I am also trying to get a paved path to Prestsvardan, along with Sjana Kartjans, Helga Ingimundardóttir, and others from the Garður area who want Prestsvarðan to be accessible to all. This would also be a historic landmark that honors the memory of a man who was a faithful servant to the people of Iceland.

These words were published in the book entitled Útfararminning Síra Sigurðar Brynjólfssonar Sivertsens by publishers Prentsmiðja S. Eymundssonar and S. Jónssonar (c.1887) and contributors Jón Þorkelsson and Þórarinn Böðvarsson after the death of Reverend S. B. Sivertsen:


The memory of this worthy priest will be recorded in the history of the Church of Iceland, and will never grow old, while our land is inhabited and our language is read, for the masterpiece praises the master, and his name is graven in the hearts of his friends, just as it is inscribed in the Book of Life."

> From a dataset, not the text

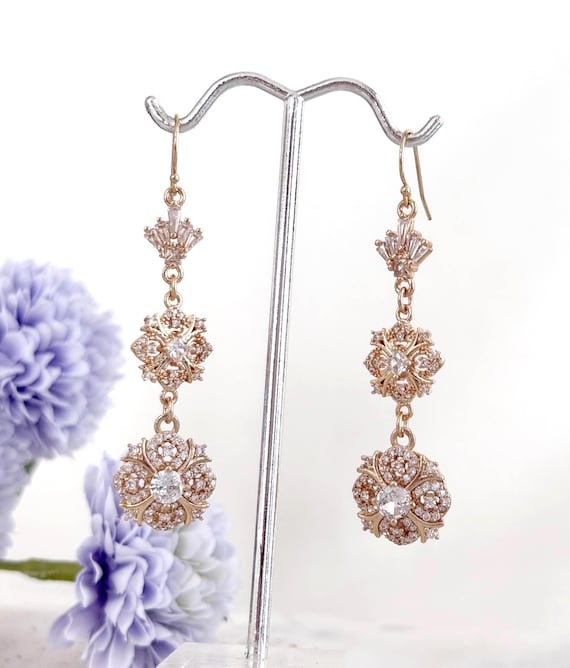Victorian Zircon Chandelier Earrings: 14k Gold Filled Long Drop Earrings, Regency Style #1844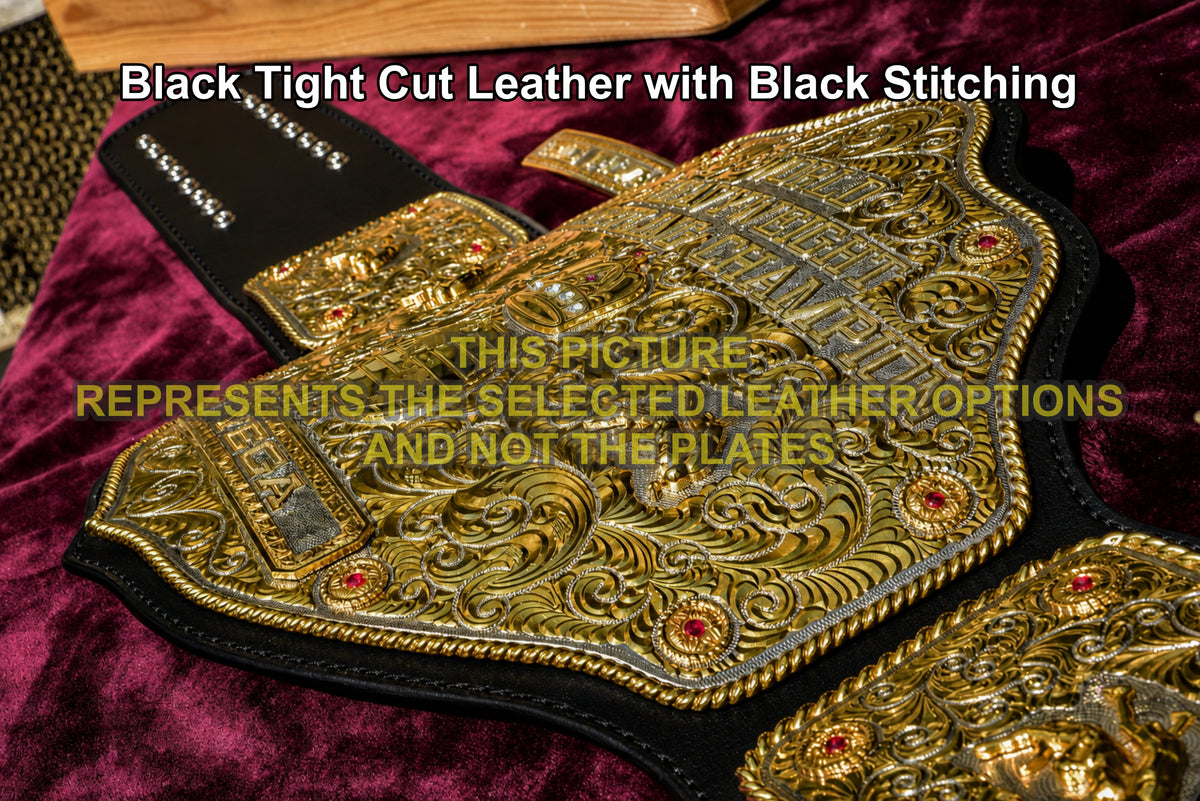 Premium Crumrine Big Gold on Brown Floral Tooled Leather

While those in Iceland remember him with great fondness as an exceptional historical figure, it is the family he loved so dearly, through circumstances beyond their control, who would have no memory of him, severed from Iceland and living across the ocean. The sojourn into my family’s Icelandic past came full circle as I stood at Prestsvarðan with the powerful wind blowing over the ancient heath from the sea, filling me with such gratitude to know of this beloved man.

Sjana has relayed to me that it was no accident that the Mass held at Prestsvarðan that rainy day in June of this year also marked my family's journey the year prior, standing on that sacred ground where miracles happen. The Mass held at Prestsvarðan is to become an annual event in Iceland. I hope to stand there again one day, holding the hands of my grandchildren as I tell them about Prestsvarðan, their generous and loving four-time Great-Grandfather, and the miracles in our family.


(L-R) Natalie's son Michael, son Jacob, Natalie Kruse, historian Hörður Gíslason, Natlie's daughter Meridith, and Sjana Kjartans at Prestsvardan.
(L-R) Natalie's son Michael, son Jacob, Natalie Kruse, historian Hörður Gíslason, Natlie's daughter Meridith, and Sjana Kjartans at Prestsvarðan in June 2023.

Postscript:


(This family story) is very dear to my heart and I can't begin to tell you how rewarding my journey into my family's past has been. It has been my life's work to discover this mystery in my family and I know for certain it is what I was meant to do in my lifetime. The amazing, loving people I have met along the way have brought such joy and light into my life and I am so excited and grateful to be able to share it with others who will understand the significance of reclaiming our past in a land that means so much to all of us.

-Natalie Kruse


 Natalie's family minus son in law Jake Groves who is taking the photo- from left to right is daughter Elizabeth Groves, daughter Meridith Anderson, Son-in-law Jonathan Anderson, son Jacob Kruse, son Michael Kruse, Me, and husband Jamie Kruse.
Natalie's family (minus son-in-law Jake Groves who took the photo. (L-R) daughter Elizabeth Groves, daughter Meridith Anderson, Son-in-law Jonathan Anderson, son Jacob Kruse, son Michael Kruse, Natalie, and husband Jamie Kruse.